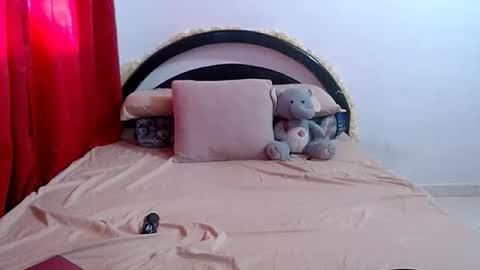 dulce_xiara online show from 05/05/26, 11:29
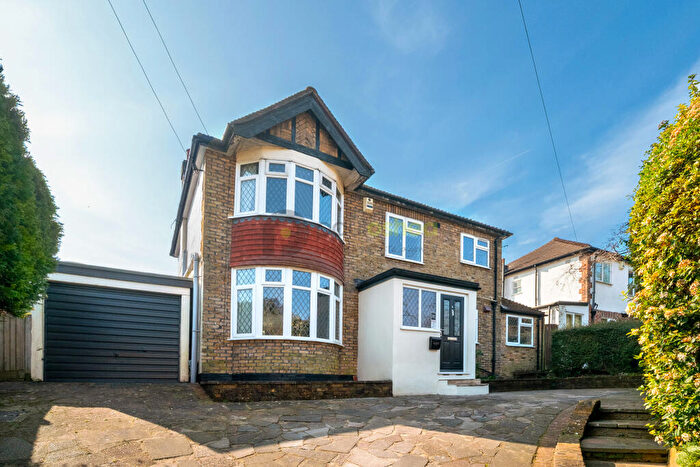 4 Bedroom Detached House For Sale In Kenley Lane, Kenley, CR8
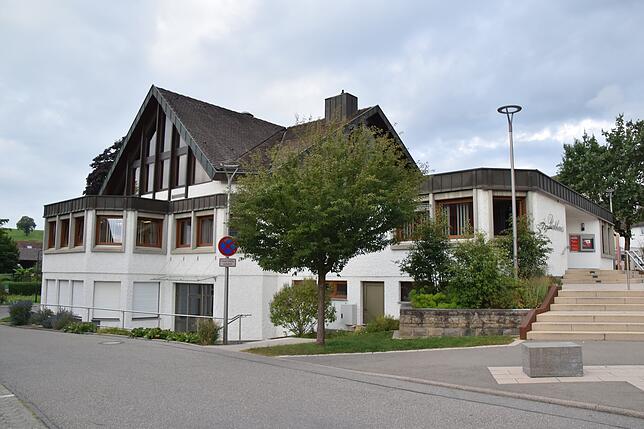 So sieht das Rathaus Nenzingen heute aus.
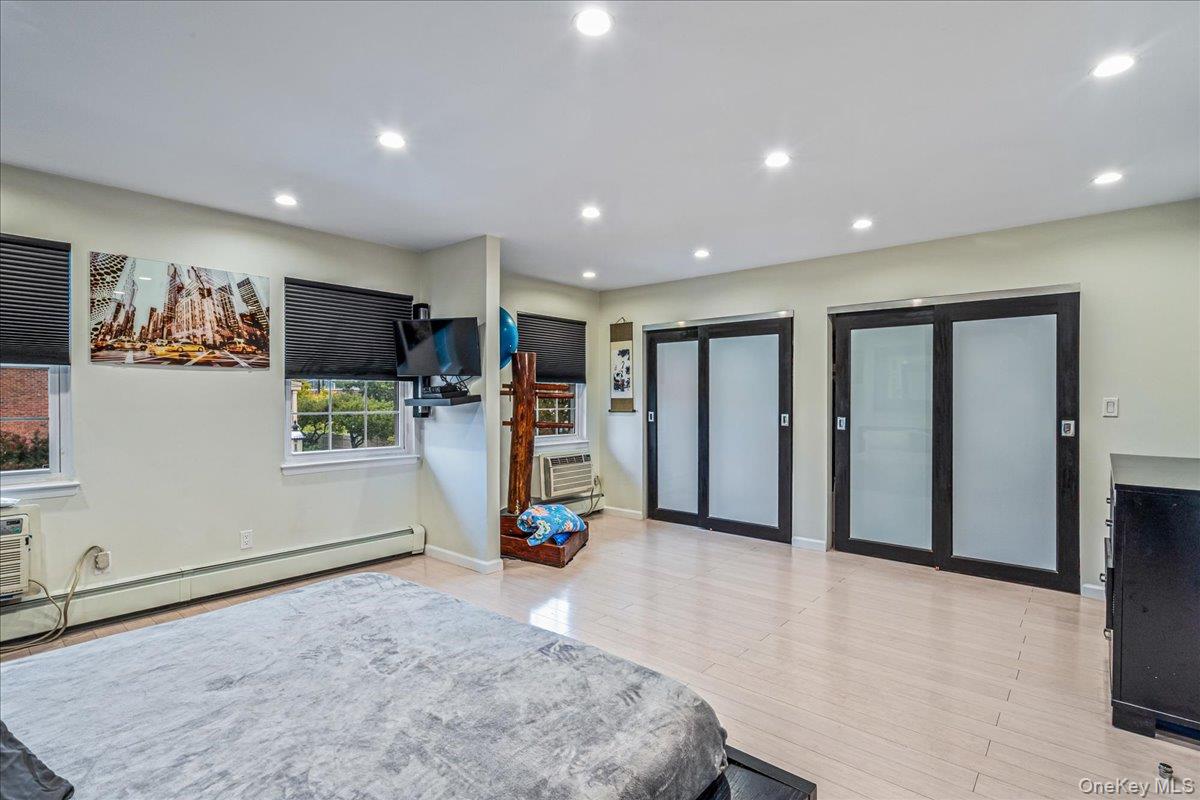 208-06 Robert Road 2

════════════════════

▶ _Problem details_
Nothing but the pictures should be left out when the listing above is transcribed.

▶ _Answer to this exercise_
 dulce_xiara online show from 05/05/26, 11:29
 4 Bedroom Detached House For Sale In Kenley Lane, Kenley, CR8
 So sieht das Rathaus Nenzingen heute aus.
 208-06 Robert Road 2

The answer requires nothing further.